Deep Colonial Hangover

Deep Colonial Hangover

Regardless of how different world powers behaved in the past, what really matters is how they behave in the present and in the future. Here are some colonial behaviours which are highly inappropriate in the 21st century. The purpose of articulating these behaviours is to expose them to the unaware with the hope of influencing their decision-making.

  • Viewing the value of human life in other countries as way less important than in their own countries
  • Using Divide and Rule at all units of geography – beautiful strategy of the past 300 years which is, frankly, disgusting to the overwhelming majority of human beings today
  • Stifling the evolution of arcane economics and financial systems which were built solely with the colonial mindset of establishing and retaining advantage over others’ forever
  • Stifling others’ industries and triggering their stagnation/destruction using geopolitical, technological or other means with the intent to maintain a “lead”, to gain advantage in commerce or to retain “power” and “control”
  • Enforcing rigid rules constraining others’ development the lack of which, ironically, were the pillars of the said countries’ advances

This video provides a good illustration of what colonial hangover looks like.

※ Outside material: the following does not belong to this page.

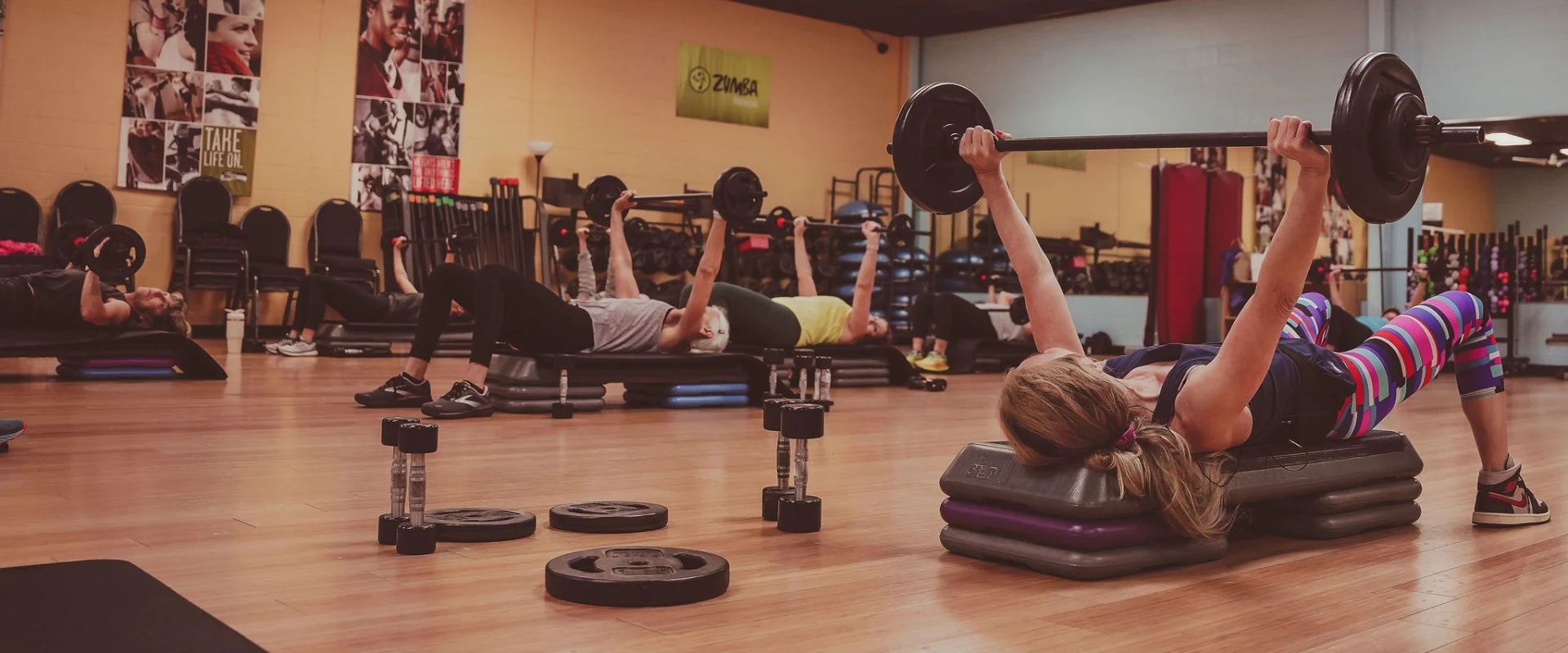 Gold's Gym Jackson, Tennessee, group exercise class with participants performing a barbell chest press on aerobic steps. The room features wooden flooring, mirrors, and fitness equipment, with motivational banners on the walls.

Asian Speaker #1, Parag Khanna, talks about how Asia, after the anomaly of the past 3-4 centuries of the colonial era, is returning to its historically traditional role as the centre of world commerce. He supports his theory through rigorous data analysis and observed trends.

Asian Speaker #2, Yu Jie, highlights some of the policy issues that China policymakers have to overcome in order to continue to execute as they have for the past several decades. She highlights the Chinese view of the world, apparently articulated 2,500 years by Mozi, a popular Chinese philosopher. The view is “how to behave yourself, then organise a good family, then run a country in good order, before you can dominate the world”.

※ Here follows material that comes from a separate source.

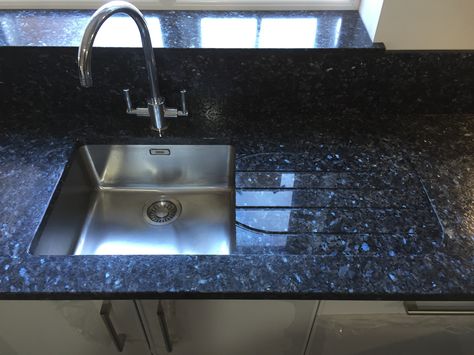 This stunning Blue Pearl GT is textured with a high gloss to allow for an additional sensory experience. With its beautiful looks and textured finish, it makes for a wonderful worktop for any kitchen Black Pearl Leathered Granite, Small Kitchen Modular Design, Sensa Silver Blue Granite Countertops, Black Pearl Granite Countertops Farm House, Volga Blue Granite, Blue Granite Countertops, Black Granite Kitchen, Blue Pearl Granite, Sensa Silver Blue Granite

Non-Asian Speaker #1, Michael Cox, disses Parag’s “Future is Asian” narrative, even before Parag introduces his narrative to the audience! Michael refers to Parag’s theory as being merely the third version of two other disastrous “Asia Rising” narratives/events in the 20th century – the 1903 Japan victory over Russia, the first by a Asian power during the colonial era, and the 1949 Independence of China from colonial rule. It seems this speaker views all history as being a subset of the colonial era! Maybe self-awareness of this narrow view of history explains his peculiar body language during most of the presentation.

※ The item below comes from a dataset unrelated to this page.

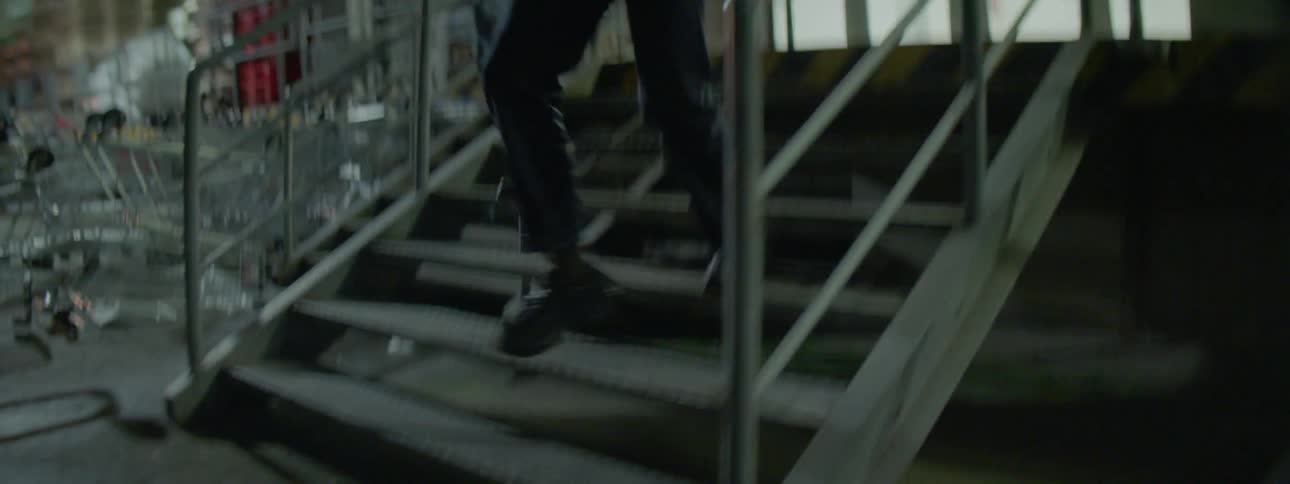 A man and woman run down some stairs hand in hand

Non-Asian Speaker #2, Gideon Rachman, articulates 4 models as the way forward for India:

  • be a post-colonial South-oriented non-alignment movement leader
  • be part of a rising Asia which would put them in the “China camp”
  • “get in bed with the Americans” to counter China
  • continue to be defined by the conflict with Pakistan

So, all of his models for India categorise the country as an inconsequential entity or a subservient entity. Colonial hangover nirvana (salvation)!

Broadly speaking, both Gideon and Michael seem resentful of any progress that Asia, particularly any country other than China, might be experiencing. This of course, is due to their obsession with the simplistic “Us vs Them” meaning “West vs China” or “USA vs China” narrative which simply diminishes the aspirations, intellectual maturity and the growth reality of all other Asian countries.

The other recurring theme about these speakers is their focus on all the things that could go wrong with the Asian narrative. Here is where their colonial hangover becomes painfully obvious. They come up with all kinds of creative reasons for why the West will continue to dominate Asia either due to existing regional dynamics or how the West might make it so by reaching into the colonial best practices handbook.

The takeaway for the large, influential countries of the 21st century is two-fold:

  • When defining the country’s vision and brand for the 21st century, observe entities with colonial hangovers closely, so you can get clarity on what not to do.
  • If you collaborate closely with entities that have colonial hangovers or are perceived to be so, start to distance yourself from such entities. This will motivate the population of nations that were subject to colonial injustices to embark on a journey to establish a trust-based relationship with you.